### Dataset entries
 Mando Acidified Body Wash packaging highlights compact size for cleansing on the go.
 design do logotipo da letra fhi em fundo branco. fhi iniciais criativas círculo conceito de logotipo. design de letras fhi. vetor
######
### Dataset entries
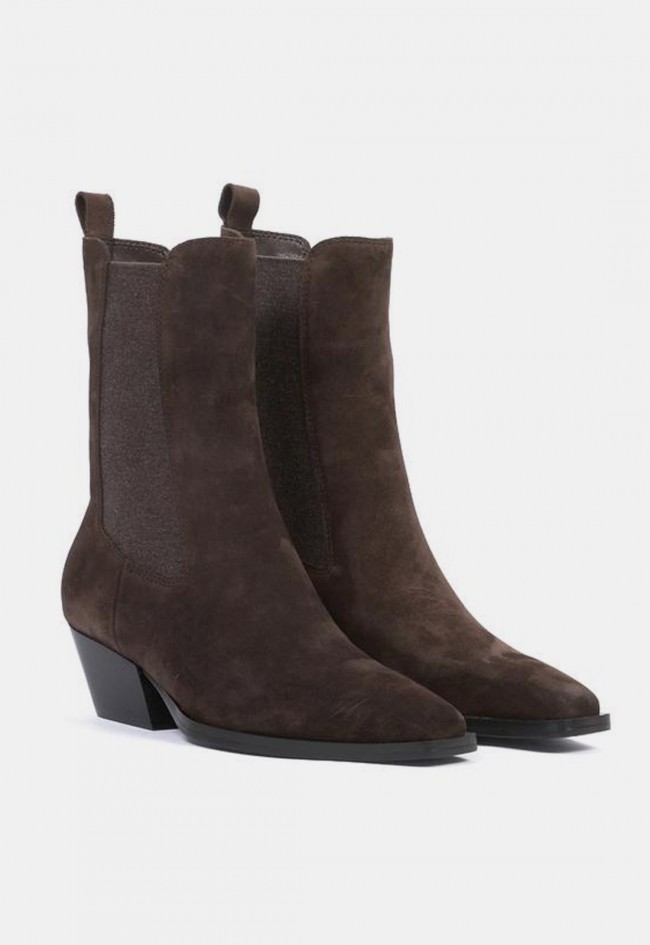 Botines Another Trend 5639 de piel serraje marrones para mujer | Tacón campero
######
### Dataset entries
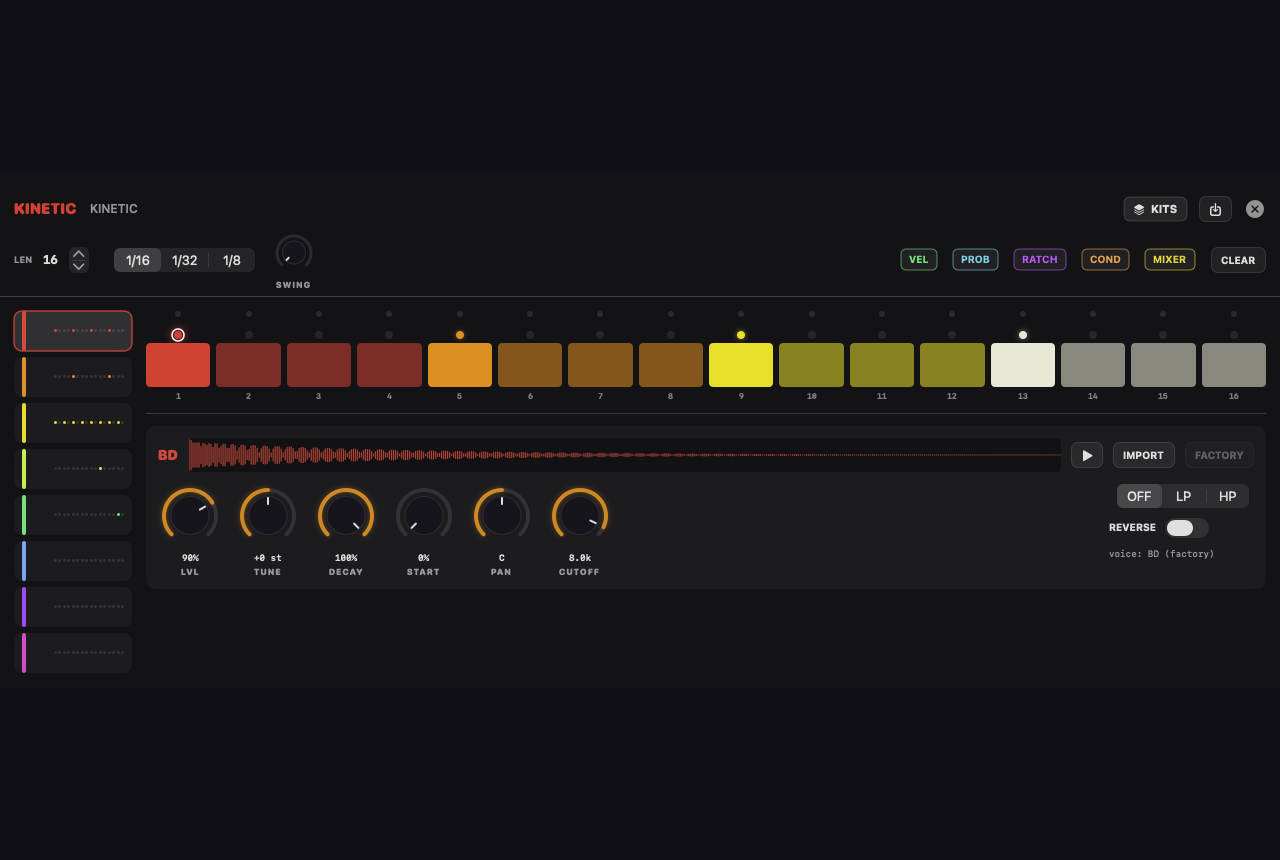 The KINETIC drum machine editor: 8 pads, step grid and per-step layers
######
Exercise details: Begin with the line above that has "Mando Acidified Body" and continue through the line that has "design do logotipo", setting each one down exactly. Stop there.

Task answer:
 Mando Acidified Body Wash packaging highlights compact size for cleansing on the go.
 design do logotipo da letra fhi em fundo branco. fhi iniciais criativas círculo conceito de logotipo. design de letras fhi. vetor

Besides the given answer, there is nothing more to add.